Monsieur le Délégué général du Syndicat National du Jeu Vidéo, cher Julien Villedieu,

Mesdames et Messieurs,

Chers amis,

 

Je suis très heureuse d’être parmi vous aujourd’hui pour la présentation de cette nouvelle édition du baromètre annuel du jeu vidéo en France.

 

Merci à vous, cher Oskar Guilbert, de nous accueillir entre les murs de DONTNOD Entertainment. J’ai toujours trouvé que le travail des développeurs, des scénaristes, des graphistes et des designers de jeux vidéo était passionnant. L’occasion est rare de le suivre de près et je vous suis très reconnaissante de nous avoir ouvert vos portes.
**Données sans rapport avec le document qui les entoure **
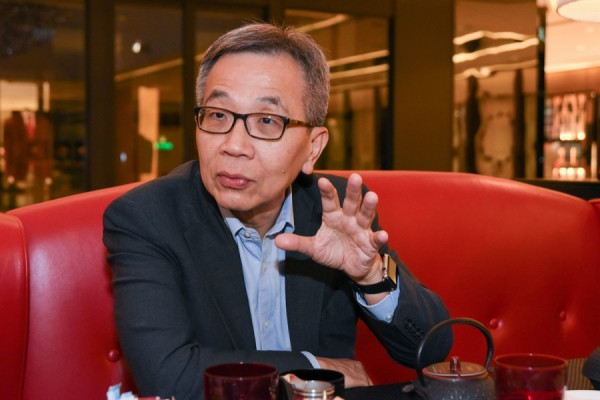 數碼通:手機月費提價空間有限 反擊價格戰不手軟無底線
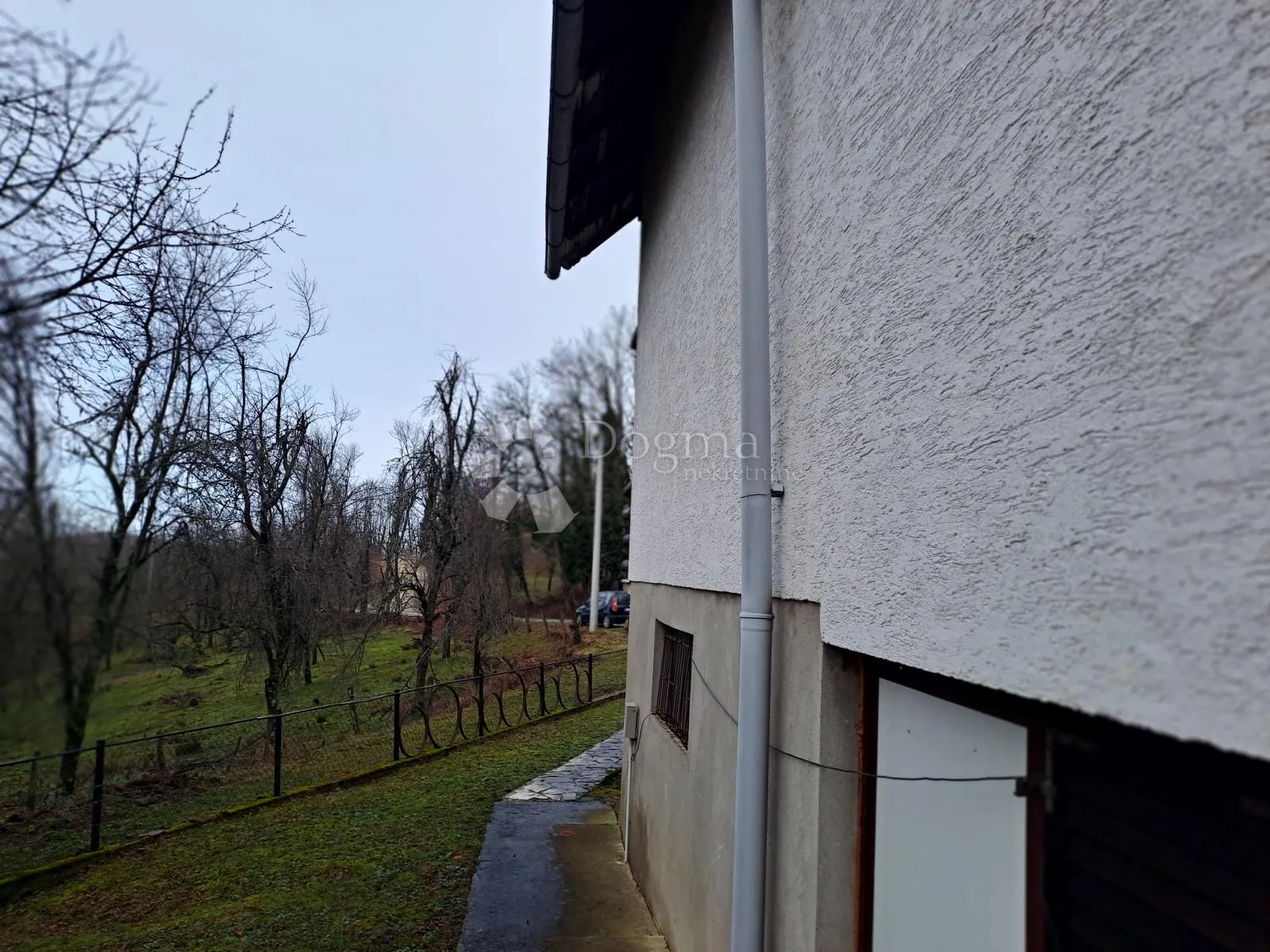 povoljna viksa na vrhu brda - slika 18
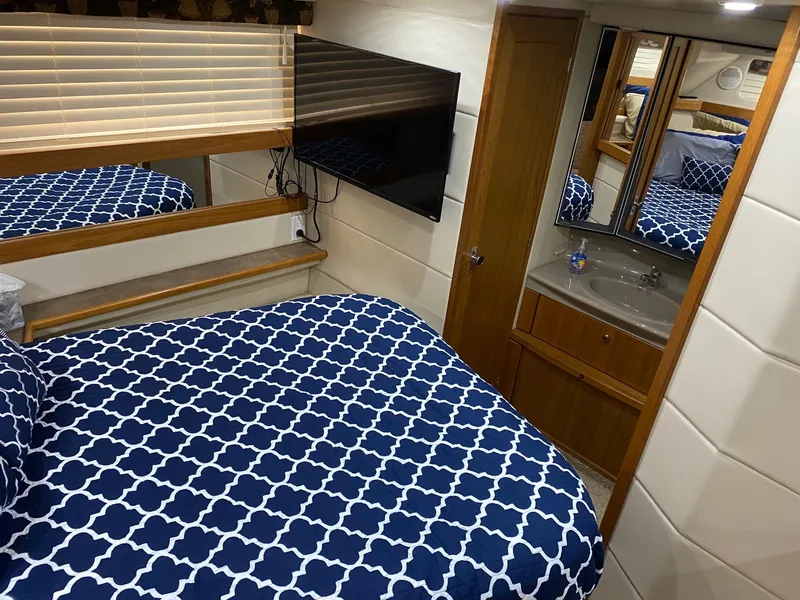 2001 Bayliner 4087 Aft Cabin Motoryacht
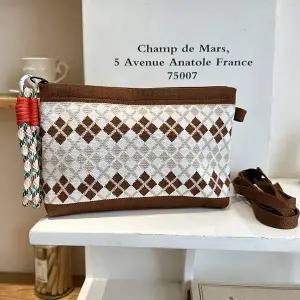 [오너클랜]WL 미니 니트 크로스 백 파우치 가방 브라운 아가일 데일리백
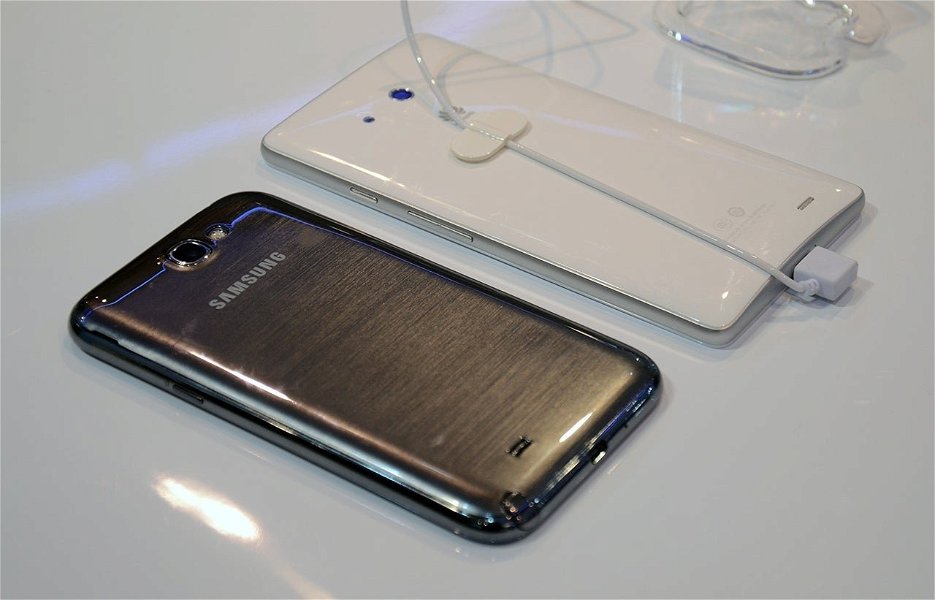 Parte trasera del Huawei Ascend Mate y del Samsung Galaxy Note II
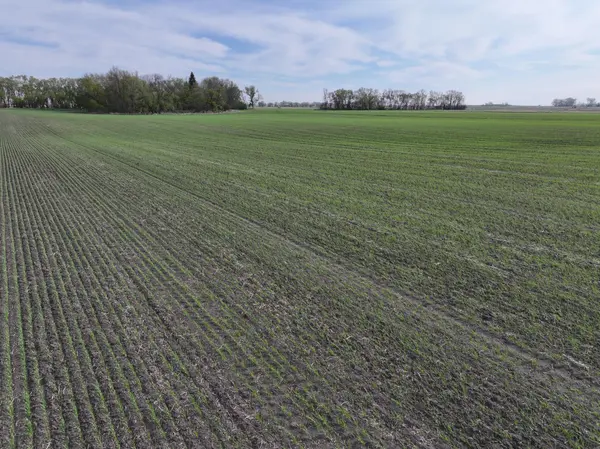 1st St SE 1st St SE, Cooperstown, ND 58425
Je dois dire que j’ai été très marquée lors de ma visite par l’esthétique de Vampyr : cette immersion dans la noirceur de Londres à l’orée du XXe siècle, au temps de la grippe espagnole est prodigieuse. Ce jeu vidéo culturel, créatif, esthétique, qui s’appuie souvent sur un long travail documentaire, ou sur des échanges avec des universitaires est précisément celui que je veux promouvoir et auquel je suis très attachée. Je pourrais sans doute en dire autant de Life is Strange, dont le 5e épisode sort demain, et pour lequel je souhaite, bien entendu, tous le succès possible.

 

Pour les entreprises françaises du jeu vidéo, ce succès est justement au rendez-vous. Le baromètre du Syndicat National du Jeu Vidéo en fait état – merci à Julien Villedieu de nous l’avoir présenté : votre étude est chaque année plus précise, et donc chaque année plus précieuse pour tous ceux, et j’en fais partie, qui s’intéressent de près à l’avenir de cette industrie créative.

 

Oui, le succès est bel est bien là pour le jeu vidéo, qui se hisse aujourd’hui au deuxième rang des industries culturelles, juste derrière le livre : le CNC affirmait qu’en 2015, le chiffre d’affaires du secteur devrait atteindre 3,8 Mds€ en France.
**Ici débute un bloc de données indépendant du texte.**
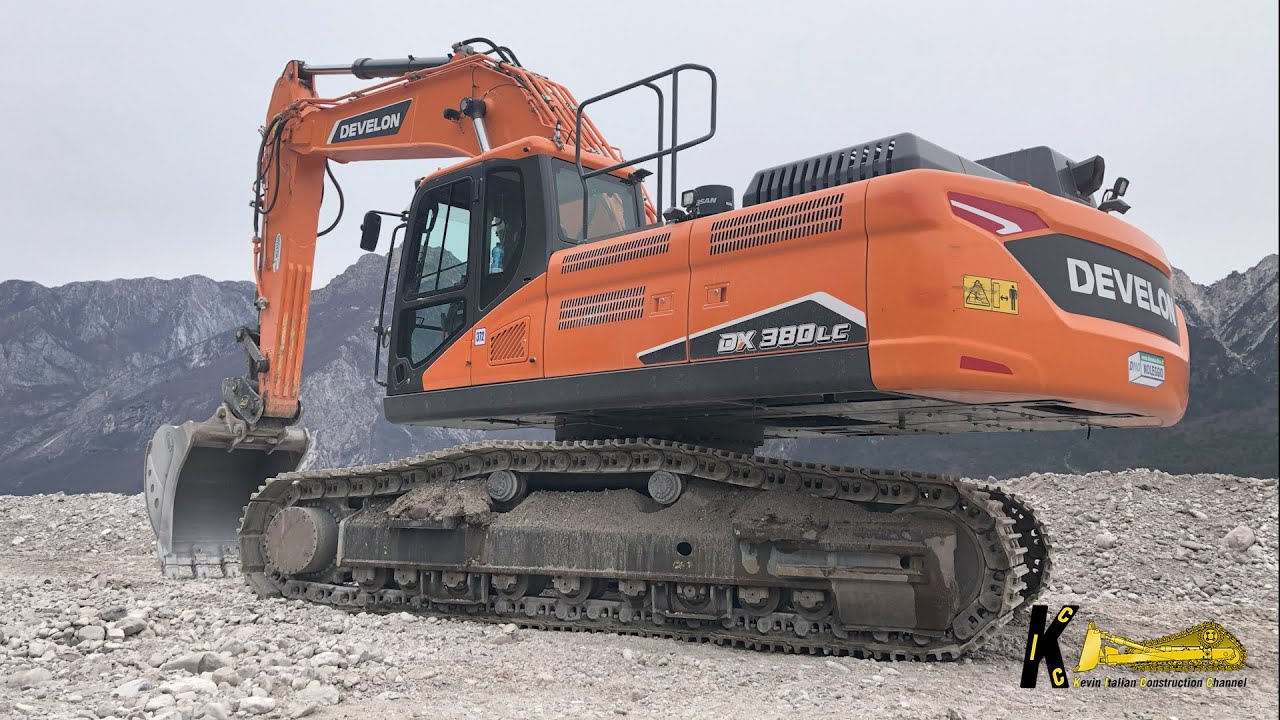 DEVELON DX380 EXCAVATOR Digging Gravel CABVIEW #excavator #digger #develon #heavyequipment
Le dynamisme du secteur, et il faut s’en réjouir, crée chaque année de l’emploi. Dans les jeux vidéo, l’emploi est un emploi de qualité : les deux tiers des salariés du secteur sont en CDI. C’est la marque d’une confiance en l’avenir du secteur et de ses potentialités, bien sûr. Mais c’est aussi la preuve que les entreprises peuvent s’appuyer sur des techniciens et des créateurs de haut niveau, dont la compétence est reconnue, et disons-le, que personne ne veut voir partir. Nous avons la chance d’avoir en France des formations de très grande qualité en la matière, comme l’Ecole Nationale du Jeu et des Médias Interactifs Numériques [ENJMIN], adossée au CNAM et qui a fêté ses dix ans l’an dernier, ou encore SUPINFOGAME et l’ISAR, sans compter celles qui sont dispensées à l’Université, comme à Lyon.

 

Le succès du jeu vidéo en France, nous le devons bien sûr à des entreprises dont la renommée internationale n’est plus à faire, et dont les jeux sont célèbres. Mais nous le devons aussi – et surtout – à un tissu solide et diversifié de jeunes entreprises, dont fait partie DONTNOD Entertainment. La majeure partie d’entre elles sont d’ailleurs en Ile-de-France, ce qui fait du Grand Paris l’un des pôles majeurs du jeu vidéo sur le continent.

Ce succès, nous le devons aussi à la priorité que vous avez donnée à la création : les trois quarts des entreprises du secteur sont des développeurs, contre 60% en Europe. 80% des projets en cours sont des projets nouveaux. C’est la preuve qu’en la matière, la France est innovante. Les nouvelles générations de consoles, qui sont elles-mêmes des condensés d’innovation, ont ouvert les possibles. Avec le "multi-écran", le "cloud gaming" ou la réalité virtuelle, les opportunités de création ne manquent pas. Elles soutiennent la croissance du secteur, de même que le développement des jeux sur mobiles.

Ce succès, il est enfin le fruit d’une stratégie, assez largement partagée, et tournée vers l’international : le chiffre d’affaires à l’exportation est en croissance.

 

Le succès du jeu vidéo français est dû également à sa haute qualité : une création artistique innovante, un esthétisme recherché, des graphismes perfectionnés, une narration de plus en plus approfondie, et des jeux de plus en plus enrichis de contenus historiques ou culturels.

 

Tout cela est la marque de votre talent et de votre savoir-faire. C’est aussi la marque d’une stratégie globale qui marche, celle que nous portons à vos côtés, et qui permet aujourd’hui à la France d’être dans le trio de tête des pays les plus attractifs en la matière, juste derrière les Etats-Unis et le Canada. Nous avons mis en place des mesures pour cela.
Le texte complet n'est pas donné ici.